March 23, 2023

Is the Fed ready to slow down? The price of gold will follow what Powell has to say

(Kitco News) Next week will be all about monetary policy as gold closes under heavy selling pressure on Friday. A fourth rate hike of 75 basis points is already priced in for Wednesday, so the main question is whether the Federal Reserve will slow down after the November meeting.

A few data points are already pointing to slower growth and a looming recession, and some central banks, including the Bank of Canada, are moving to lower rate hikes.

“Has the strongest phase of the tightening cycle of global monetary policy passed?” asked Michael Pearce, senior US economist at Capital Economics. “The Fed is still expected to deliver its fourth straight hike of 75bp next week, but this increase could come as signals of a moderate rate of tightening. This would follow the Bank of Canada’s cut to 50bp this week. hike and a perceived bullish tone that followed the European Central Bank’s 75bp hike on Thursday.”
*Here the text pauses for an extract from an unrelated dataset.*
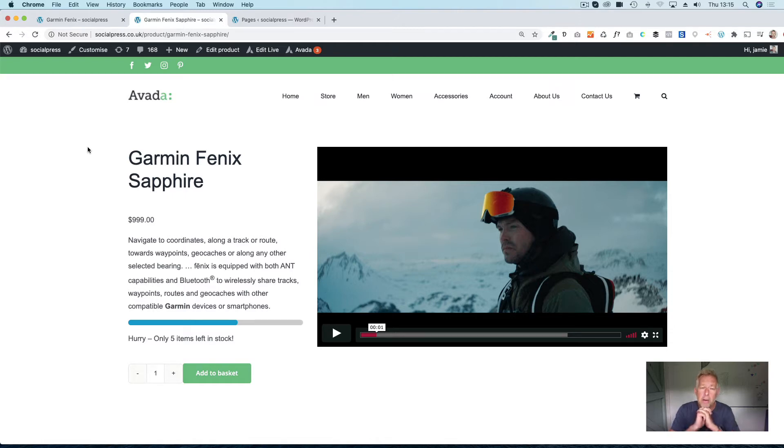Hi there, Jamie here from Poodle Press. Hope you're well. Here's a look at how you can customise the Aveda WooCommerce product page.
A move to a slower pace of rate hikes would be positive for gold, which is why some analysts have started to bullish on the precious metal.

“The Fed is backing away from hiking so aggressively. We can talk about exit at the next meeting,” said Daniel Pavilonis, senior commodities broker at RJO Futures. “Gold hasn’t done too well when priced in dollars. If we see the dollar go down, gold can do very well.”

The Fed has been very quick to raise interest rates and could be willing to “let the pieces fall and see where they land,” Pavilonis told Kitco News.

However, not everyone is convinced that the Fed is ready to take its foot off the gas pedal.

“There are more signs of weakness and investors are eager to price it in. But it’s not going to be an easy call to trade down. The market is getting complacent,” said Edward Moya, senior market analyst at OANDA.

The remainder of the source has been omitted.